Valve terminal in control cabinet with integrated PLC
One forward-looking technical development is a control cabinet from Festo which plant operators can use to centrally configure all parameters for controlling the process valves of a fixed-bed filter. The key differences to the conventional solution are: valve terminal instead of individual valves directly on the drive, integration of a pneumatic manual operation level and elimination of the positioner by dividing this function into three elements.
One control cabinet is assigned to each fixed-bed filter. The main components of the control cabinet are a touchscreen for system operation and a PLC. The link to the coordinating level is made via Ethernet to the higher-level PLC and the visualisation of the process. The PLC in the control cabinet controls the process valves, the higher-level PLC coordinates the backwashing of the individual fixed-bed filters.
Positioner function
A manual operation level also makes it possible to operate the system from the control cabinet in the event of a breakdown or without electrical power.
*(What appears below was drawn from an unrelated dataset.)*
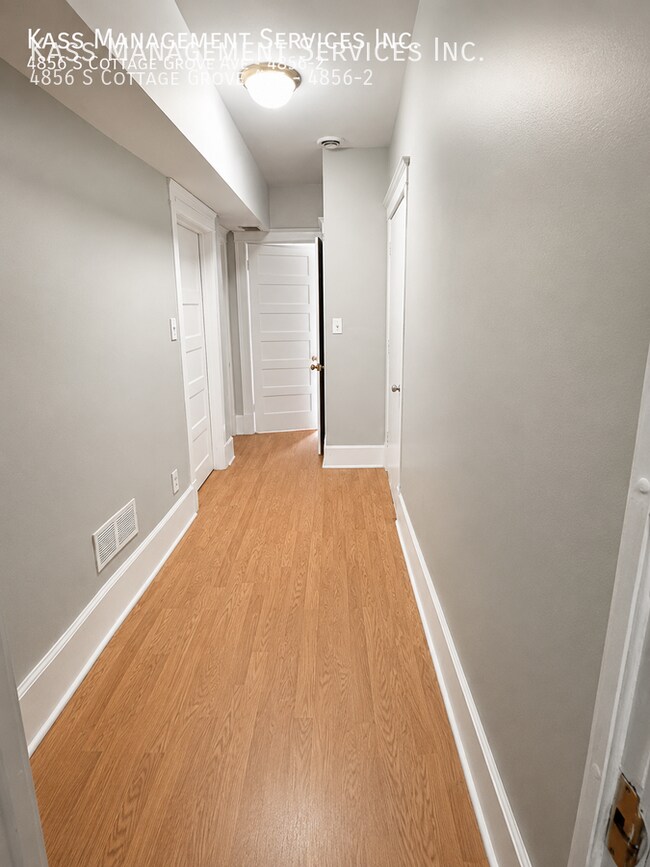 Building Photo - 4856 S Cottage Grove Ave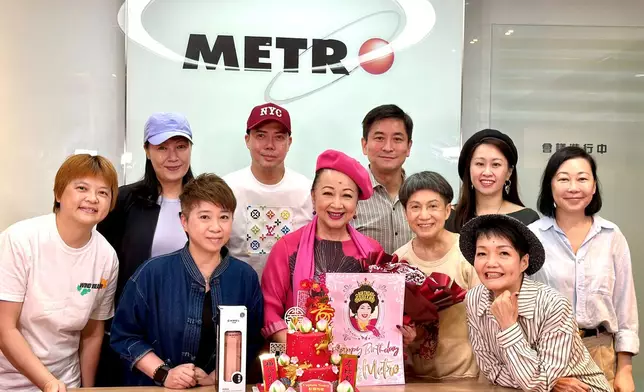 家燕姐與謝天華、范振鋒、思敏及新城管理層合照。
The control cabinet is a robust, flexible solution for the control valve. It can be operated even without electrical power. Regulator parameters can be configured centrally in the control cabinet. The CPX/MPA valve terminal is the key component core of the control cabinet.
The positioner function is split into three elements: feedback of the process valve position by a box with a 4..20 mA analogue output, activation of the drive by a 5/3-way solenoid valve on the valve terminal and shifting of the regulator software to the PLC.
Ease of use
The compressed air quality requirements are therefore lower than if using an intelligent positioner. High flow rates of the solenoid valves permit rapid movements and safe operation even with larger drives. The process valve can be configured manually if there is no electrical power. However, the greatest advantage when it comes to handling is that the system operator no longer has to run to the process valve, as he makes the parameter changes for regulation directly in the control cabinet.